> On Mon, Dec 20, 2010 at 9:29 PM, Florian Pflug <f...@phlo.org> wrote:
>> You might use that to decide if either A->B or B->a looks function-like
>> enough to use the uniform bayesian approach. Or you might even go
>> further,
>> and decide *with* bayesian formula to use - the paper you cited always
>> averages
>>
>>  P(A=x|B=y)*P(B=y) and
>>  P(B=y|A=x)*P(A=x)
>>
>> but they offer no convincing reason for that other than "We don't know
>> which to pick".
>
> Ideally you want to somehow make this a continuous transaition between
> the available formulas rather than a discrete transition, I think.  If
> F(A,B) = 1 then the selectivity of A = x AND B = y is just P(A=x), and
> if it's 0, then it's P(A=x)*P(B=y).  But suppose F(A,B)=0.5.  Then
> what?  A naive approach would be to estimate P(A=x && B=y) = P(A=x) *
> (1 - (1 - F(A,B))*(1 - P(B = y))), so that if, say, P(A=x) = 0.1 and
> P(B=y) = 0.1, then when F(A,B) = 0 we estimate 0.01, when F(A,B) = 1
> we estimate 0.1, and when F(A,B) = 0.5 we estimate (0.1)(1 - 0.5*0.9)
> = 0.055.  Of course I'm just hand-waving here, and this is without any
> mathematical basis, being just the simplest formula I could think of
> that gets the endpoints right and plots some sort of smooth curve
> between them in the middle.  A similar formula with a believable
> argument to back it up seems like it would be a big step forward for
> this method.

This somehow reminds me how the various t-norms in fuzzy logic evolved.
I'm not saying we should use fuzzy logic here, but the requirements are
very similar so it might be an interesting inspiration. See for example
this http://plato.stanford.edu/entries/logic-fuzzy (chapter 4).

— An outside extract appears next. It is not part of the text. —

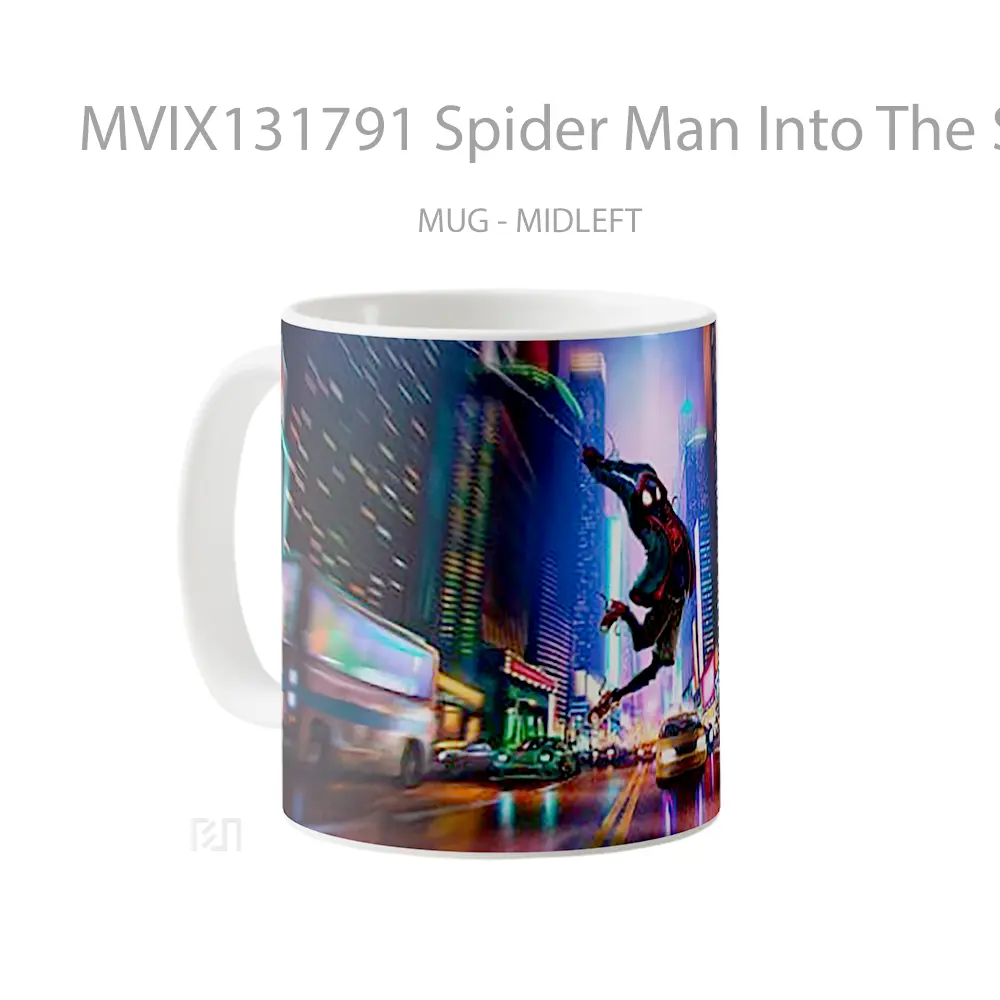 Mug Spider Man Into The Spiderverse Gelas Superhero - All-side / Desain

And there's one additional - IMHO very important - requirement. The whole
thing should easily extend to more than two columns. This "IF (F(A,B) >
F(B,A)) THEN ..." probably is not a good solution regarding this.

For example given 3 columns A,B,C, would you do that comparison for each
pair of columns, or would you do that for A vs (B,C)? Or maybe a
completely different approach? Because that would require to collect a lot
more data (number of distinct values in each combination) etc.

I'm not saying for example there is a table with (C=A+B)

  A | B | C
 ===========
  1 | 1 | 2
  1 | 2 | 3
  1 | 3 | 4
  2 | 1 | 3
  2 | 2 | 4
  2 | 3 | 5
  3 | 1 | 4
  3 | 2 | 5
  3 | 3 | 6

So that dist(A)=dist(B)=3, dist(C)=6 and dist(A,B,C)=dist(A,B)=9. Given
the paper, you get something like

 P(A,B,C) = [dist(A)*P(A) +  dist(B)*P(B) + dist(C)*P(C)] / [3*dist(A,B,C)]
          = [P(A) + P(B) + 2*P(C)] / 9

so for example

 P(A=3,B=2,C=5) = [1/3 + 1/3 + 2/9]/9 = (8/9)/9

which is almost correct (by 1/81).

Don't get me wrong - I'm not a fanatic who thinks this particular formula
is the best formula possible. I'm just saying we could end up with a
formula that works beautifully in 2D, but once we get to 3 columns it
fails miserably.

Hmmm, maybe we could give this possibility (to identify two separate
groups of columns) to the user. So instead of 'buid stats for (A,B,C)' the
user would say 'build stats for (A,B) and (C)' - this actually represents
apriori knowledge of dependencies supplied by the user.

In that case we could search for 'implicativeness' between those two
groups (and not within the groups), and we could restrict ourselves to 2D
(and thus use a more sophisticated formula).

But we should be able to do some basic analysis even when the user
supplies a list of columns without such apriori knowledge.